When Nepali players attend meaningful international events where they have a realistic shot of doing well, I believe that they are very motivated. Contrary to what cynics say, our athletes do take a lot of pride in representing their country. I really don’t believe they suddenly think – “Oh wow! I’ve been offered an extra 1 Lakh Rupees if I win a medal, so now I’m really going to step it up and give an extra 5%”.

On the other hand our sports associations instead of devising sound long term strategies to develop our athletes tend to resort to gimmicks such as these financial incentives and then quickly absolve themselves of complacency and incompetence when results don’t go their way. “Well we offered them 1 Lakh Rupees, what more do you want us to do?” would be a typical response from them.

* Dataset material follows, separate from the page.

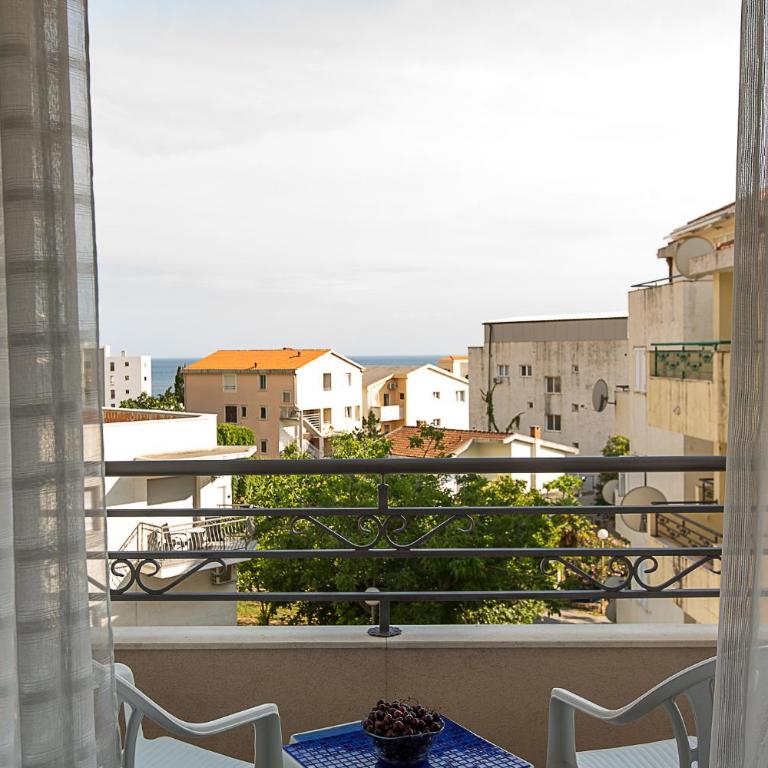 Apartments Alesia Bečići - Studio with Sea View - 3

The proof is pretty much in the pudding as Nepal has miserably failed to make a mark in international sports, so clearly these motivational cash rewards aren’t working.

A parallel I like to draw is that of a parent that desperately wants their child to get First Division in the SLC exam. Do you believe offering a cash reward to a kid one night before the SLC exam is going to make any difference on the results? Perhaps the parent should have enrolled their child at Budhanilkantha School and instilled a good work ethic and discipline many years back if they were truly serious about their child doing well on the SLC exam.

This is not to say that these cash rewards might not have an impact on future athletes. Maybe there is a kid in Jhapa who is now inspired to become a footballer on hearing about ANFA’s generous rewards. If that’s the case – wonderful! But let us not be naive either. ANFA’s announcement has nothing to do with inspiring future footballers. It is clearly about winning the 2011 SAFF Cup, a prize that Ganesh Thapa desperately covets after failing to win a single meaningful tournament in his 15 years as ANFA President.

Nonetheless, whatever the motivation may be, I applaud ANFA for leaving no stone unturned in the last half-year to try and win this edition of the SAFF Cup. The cash rewards on offer will certainly be a great bonus for the players if they are able to fulfill the aspirations of Nepali football fans.